§ **WORK ORDER**
Leaving the pictures aside, repeat every line below exactly.

§ **STORED DATA**
* * *
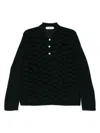 Namacheko Bird Feather Polo Shirt In Blue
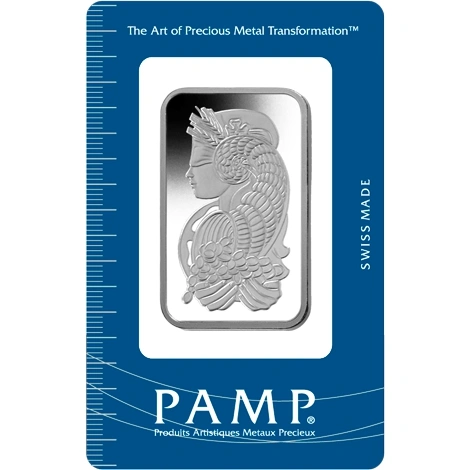 100 gram platinabaar PAMP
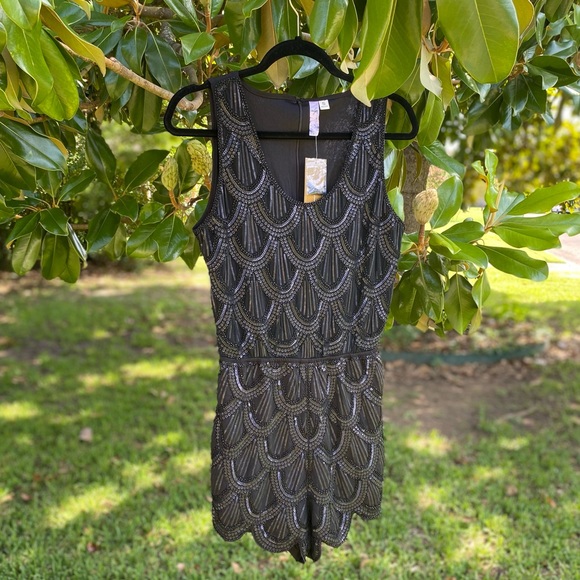 Francesca’s Black Sequin Romper - Picture 10 of 17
* * *
§ **EXPECTED OUTPUT**
 Namacheko Bird Feather Polo Shirt In Blue
 100 gram platinabaar PAMP
 Francesca’s Black Sequin Romper - Picture 10 of 17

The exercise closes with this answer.